Argentina’s biggest trade union federation, the General Confederation of Labor (CGT by its Spanish acronym), called for a general strike on May 9 to protest President Javier Milei’s austerity measures.
The protest, slated to last 24 hours, would be the second general strike since Milei took office on December 10. The CGT will also join a protest against the slashing of state university budgets on April 23 and hold the traditional May 1 march for International Workers’ Day.
“Austerity should not fall to the most vulnerable sectors,” Héctor Daer, head of the health care workers’ union and one-third of the CGT triumvirate, said in a press conference on Thursday. He highlighted that pensioners are bearing the brunt of the administration’s austerity measures and said a recession is behind the decrease in monthly inflation rates.

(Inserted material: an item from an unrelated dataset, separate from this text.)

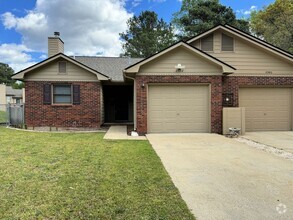 Building Photo - 2582 Gotts Ln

One of the main reasons Daer gave for the strike was the Labor Secretariat not validating the increases agreed in the collective bargains between unions and companies over the inflation rate. The powerful truck drivers’ union got a 25% increase for March and 20% more for April, but the administration refuses to make the increases official.
“Why would you validate something that is going to create a problem?” Economy Minister Luis Caputo said in an interview on TN TV station, arguing that salaries increasing over projected inflation would push prices upwards. “If you tell me it is a point or two above the inflation expectation, then great. If it is 15 points it makes no sense,” he said.
On Wednesday, Daer, together with fellow union leaders Carlos Acuña and Hugo Moyano, met with Interior Minister Guillermo Francos and Chief of Staff Nicolás Posse to discuss the validation of the wage rounds. A spokesperson for Francos said the meeting was cordial, but the administration would not validate any wage increases over inflation.
Daer said that the unions are willing to discuss strategies to decrease the inflation rates with the government, but protested against the one Milei’s administration chose. “We can’t deregulate every [price] and limit salaries,” he said.
The first general strike under Milei happened on January 24 and, according to CGT’s spokesperson Jorge Sola, between 70 and 80% of the country’s workers adhered to it, and one and a half million people marched all over Argentina.